Top of DATA SEGMENT
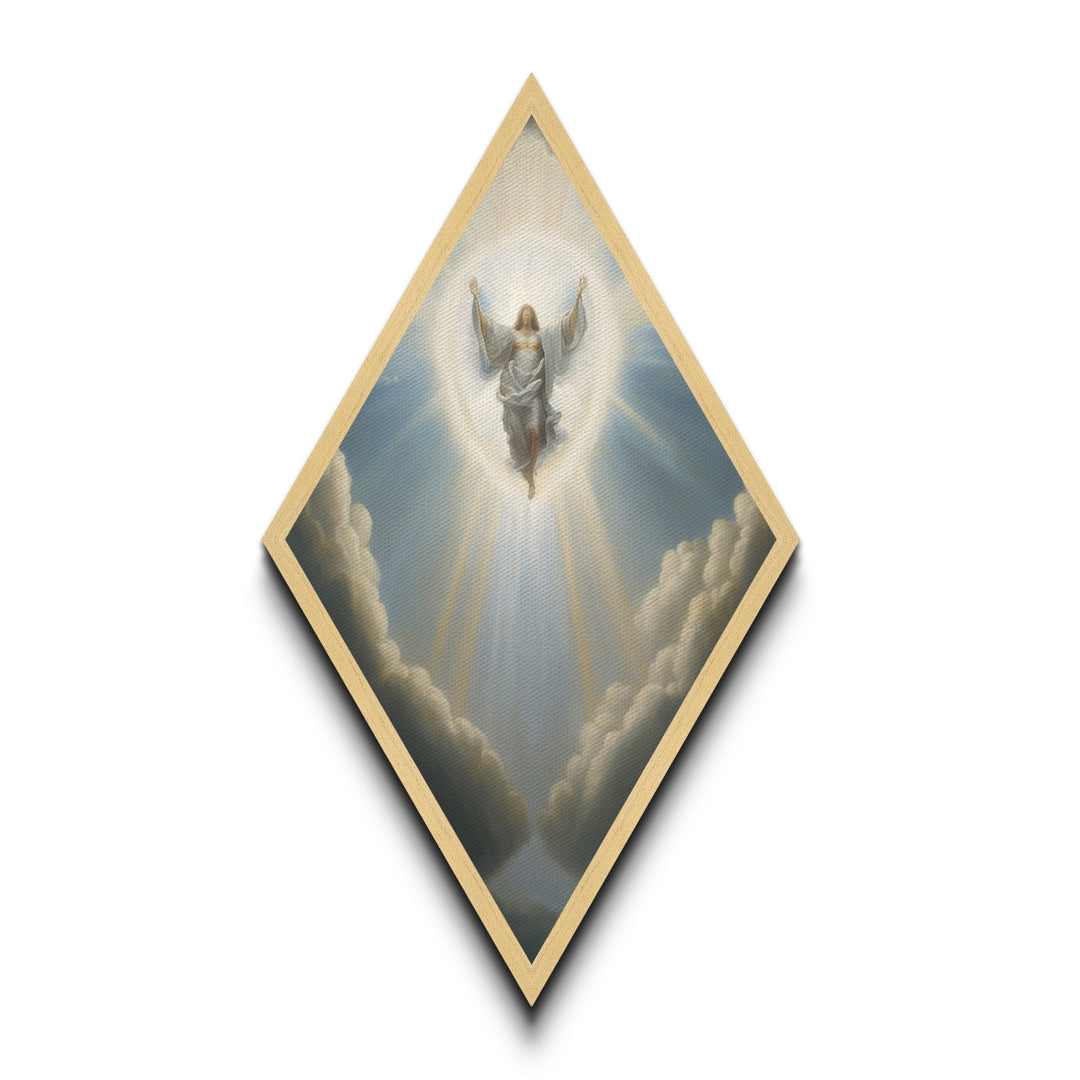 Angel Painting Print, Diamond Shaped Wall Art, Christian Decor, Angelic Art, Canvas Embossed Art Print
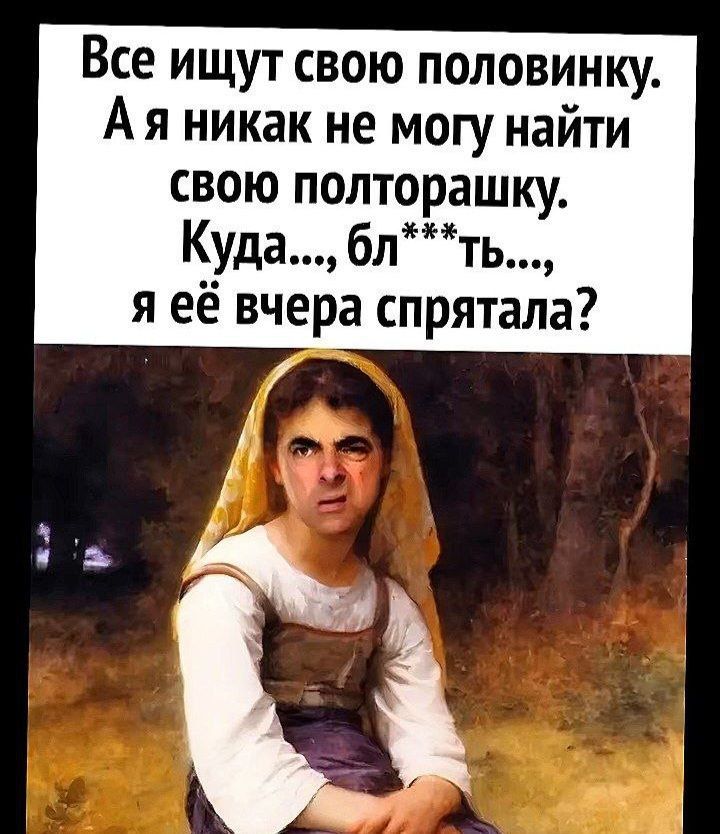 Все ищут свою половинку. А я никак не могу найти свою полторашку. Куда..., блядь..., я её вчера спрятала?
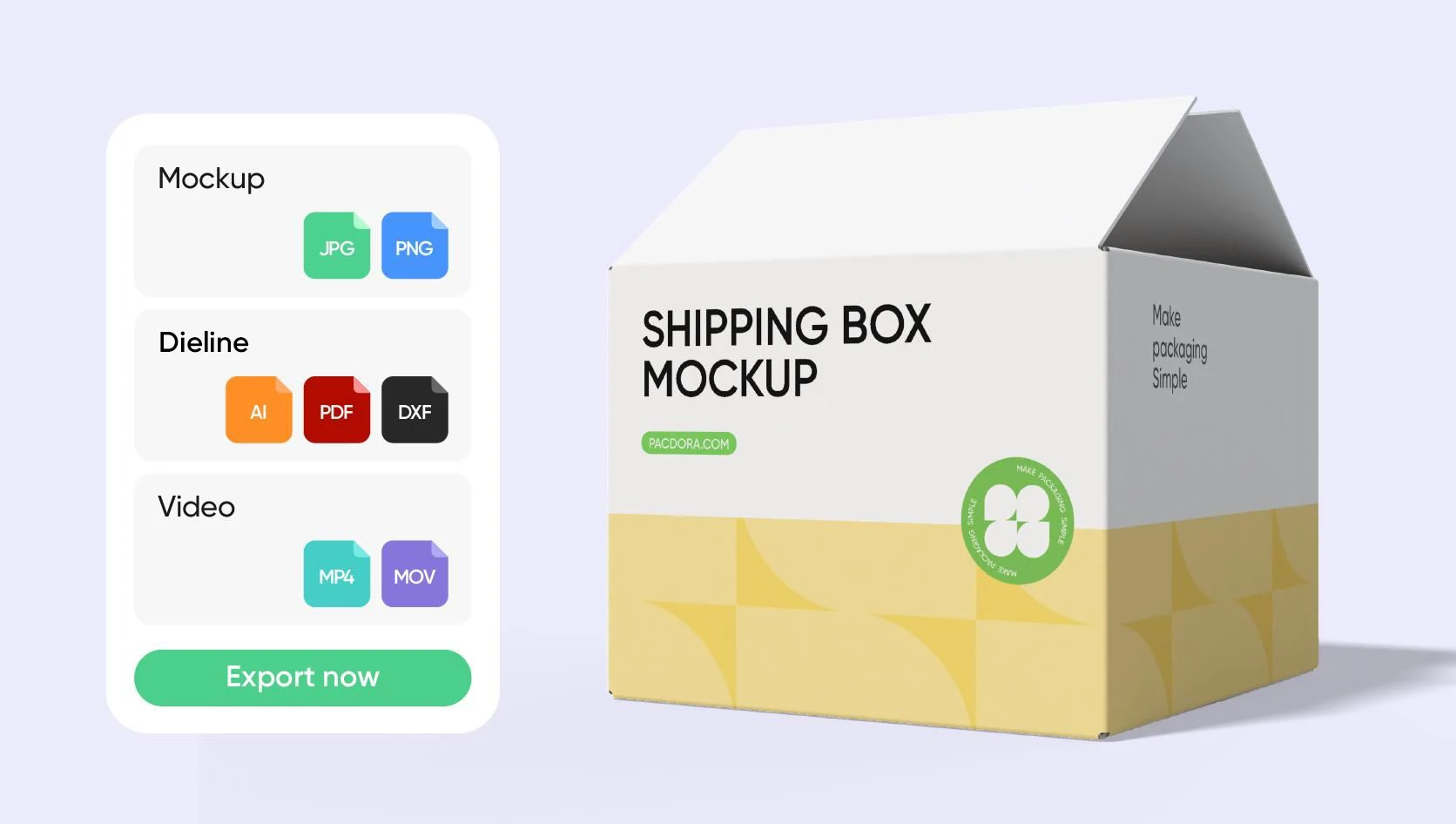 Admite múltiples formatos de exportación para maquetas de bolsas tote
Bottom of DATA SEGMENT
WORK TO COMPLETE –
Return the whole listing, word for word, and leave out every picture.

WRITTEN REPLY –
 Angel Painting Print, Diamond Shaped Wall Art, Christian Decor, Angelic Art, Canvas Embossed Art Print
 Все ищут свою половинку. А я никак не могу найти свою полторашку. Куда..., блядь..., я её вчера спрятала?
 Admite múltiples formatos de exportación para maquetas de bolsas tote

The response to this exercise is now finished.